[Source data]

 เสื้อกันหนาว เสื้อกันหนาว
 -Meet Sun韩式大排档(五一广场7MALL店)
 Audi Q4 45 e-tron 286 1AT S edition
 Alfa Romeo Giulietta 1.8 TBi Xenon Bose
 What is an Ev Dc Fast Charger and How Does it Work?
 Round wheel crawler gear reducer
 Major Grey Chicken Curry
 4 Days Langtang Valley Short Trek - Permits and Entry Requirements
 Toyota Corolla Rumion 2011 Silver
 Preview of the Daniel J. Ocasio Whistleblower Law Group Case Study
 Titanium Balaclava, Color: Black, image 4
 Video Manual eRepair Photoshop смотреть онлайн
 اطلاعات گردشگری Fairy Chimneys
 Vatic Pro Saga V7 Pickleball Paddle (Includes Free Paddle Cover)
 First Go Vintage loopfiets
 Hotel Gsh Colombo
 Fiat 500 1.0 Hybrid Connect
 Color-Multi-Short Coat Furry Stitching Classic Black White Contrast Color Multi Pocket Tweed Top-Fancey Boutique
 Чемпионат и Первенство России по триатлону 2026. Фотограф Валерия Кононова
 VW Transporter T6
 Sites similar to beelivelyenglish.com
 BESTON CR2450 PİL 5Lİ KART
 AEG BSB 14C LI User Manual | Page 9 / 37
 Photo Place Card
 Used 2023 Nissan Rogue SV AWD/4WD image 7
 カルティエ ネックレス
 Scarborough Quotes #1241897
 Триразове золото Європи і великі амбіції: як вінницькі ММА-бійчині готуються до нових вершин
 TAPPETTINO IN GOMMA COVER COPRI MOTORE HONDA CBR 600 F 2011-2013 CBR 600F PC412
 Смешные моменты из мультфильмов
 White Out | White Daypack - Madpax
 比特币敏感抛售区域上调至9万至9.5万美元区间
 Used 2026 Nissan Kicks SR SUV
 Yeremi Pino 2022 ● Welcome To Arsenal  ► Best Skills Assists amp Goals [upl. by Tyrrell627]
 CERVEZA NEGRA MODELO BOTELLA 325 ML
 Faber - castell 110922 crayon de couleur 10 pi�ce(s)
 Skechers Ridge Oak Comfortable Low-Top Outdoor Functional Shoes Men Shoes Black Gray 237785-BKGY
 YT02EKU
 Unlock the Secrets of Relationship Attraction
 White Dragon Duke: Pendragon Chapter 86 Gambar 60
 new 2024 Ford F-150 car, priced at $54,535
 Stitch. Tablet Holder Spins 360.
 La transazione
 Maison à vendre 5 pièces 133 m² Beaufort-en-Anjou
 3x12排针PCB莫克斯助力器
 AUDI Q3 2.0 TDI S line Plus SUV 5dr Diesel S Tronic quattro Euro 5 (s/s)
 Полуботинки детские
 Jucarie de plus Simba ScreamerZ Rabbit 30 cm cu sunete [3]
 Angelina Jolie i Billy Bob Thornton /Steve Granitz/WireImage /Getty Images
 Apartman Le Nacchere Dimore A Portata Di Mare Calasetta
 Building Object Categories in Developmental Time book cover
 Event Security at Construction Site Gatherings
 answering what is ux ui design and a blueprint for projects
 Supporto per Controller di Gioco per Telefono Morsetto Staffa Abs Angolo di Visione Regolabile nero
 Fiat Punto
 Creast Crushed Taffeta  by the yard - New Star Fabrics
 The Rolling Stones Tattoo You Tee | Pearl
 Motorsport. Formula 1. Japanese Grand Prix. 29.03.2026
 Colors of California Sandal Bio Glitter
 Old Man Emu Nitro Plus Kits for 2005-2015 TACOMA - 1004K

INSTRUCTIONS TO FOLLOW: Copy out the data exactly, keeping each line whole.

RESPONSE TO THIS TASK:
 เสื้อกันหนาว เสื้อกันหนาว
 -Meet Sun韩式大排档(五一广场7MALL店)
 Audi Q4 45 e-tron 286 1AT S edition
 Alfa Romeo Giulietta 1.8 TBi Xenon Bose
 What is an Ev Dc Fast Charger and How Does it Work?
 Round wheel crawler gear reducer
 Major Grey Chicken Curry
 4 Days Langtang Valley Short Trek - Permits and Entry Requirements
 Toyota Corolla Rumion 2011 Silver
 Preview of the Daniel J. Ocasio Whistleblower Law Group Case Study
 Titanium Balaclava, Color: Black, image 4
 Video Manual eRepair Photoshop смотреть онлайн
 اطلاعات گردشگری Fairy Chimneys
 Vatic Pro Saga V7 Pickleball Paddle (Includes Free Paddle Cover)
 First Go Vintage loopfiets
 Hotel Gsh Colombo
 Fiat 500 1.0 Hybrid Connect
 Color-Multi-Short Coat Furry Stitching Classic Black White Contrast Color Multi Pocket Tweed Top-Fancey Boutique
 Чемпионат и Первенство России по триатлону 2026. Фотограф Валерия Кононова
 VW Transporter T6
 Sites similar to beelivelyenglish.com
 BESTON CR2450 PİL 5Lİ KART
 AEG BSB 14C LI User Manual | Page 9 / 37
 Photo Place Card
 Used 2023 Nissan Rogue SV AWD/4WD image 7
 カルティエ ネックレス
 Scarborough Quotes #1241897
 Триразове золото Європи і великі амбіції: як вінницькі ММА-бійчині готуються до нових вершин
 TAPPETTINO IN GOMMA COVER COPRI MOTORE HONDA CBR 600 F 2011-2013 CBR 600F PC412
 Смешные моменты из мультфильмов
 White Out | White Daypack - Madpax
 比特币敏感抛售区域上调至9万至9.5万美元区间
 Used 2026 Nissan Kicks SR SUV
 Yeremi Pino 2022 ● Welcome To Arsenal  ► Best Skills Assists amp Goals [upl. by Tyrrell627]
 CERVEZA NEGRA MODELO BOTELLA 325 ML
 Faber - castell 110922 crayon de couleur 10 pi�ce(s)
 Skechers Ridge Oak Comfortable Low-Top Outdoor Functional Shoes Men Shoes Black Gray 237785-BKGY
 YT02EKU
 Unlock the Secrets of Relationship Attraction
 White Dragon Duke: Pendragon Chapter 86 Gambar 60
 new 2024 Ford F-150 car, priced at $54,535
 Stitch. Tablet Holder Spins 360.
 La transazione
 Maison à vendre 5 pièces 133 m² Beaufort-en-Anjou
 3x12排针PCB莫克斯助力器
 AUDI Q3 2.0 TDI S line Plus SUV 5dr Diesel S Tronic quattro Euro 5 (s/s)
 Полуботинки детские
 Jucarie de plus Simba ScreamerZ Rabbit 30 cm cu sunete [3]
 Angelina Jolie i Billy Bob Thornton /Steve Granitz/WireImage /Getty Images
 Apartman Le Nacchere Dimore A Portata Di Mare Calasetta
 Building Object Categories in Developmental Time book cover
 Event Security at Construction Site Gatherings
 answering what is ux ui design and a blueprint for projects
 Supporto per Controller di Gioco per Telefono Morsetto Staffa Abs Angolo di Visione Regolabile nero
 Fiat Punto
 Creast Crushed Taffeta  by the yard - New Star Fabrics
 The Rolling Stones Tattoo You Tee | Pearl
 Motorsport. Formula 1. Japanese Grand Prix. 29.03.2026
 Colors of California Sandal Bio Glitter
 Old Man Emu Nitro Plus Kits for 2005-2015 TACOMA - 1004K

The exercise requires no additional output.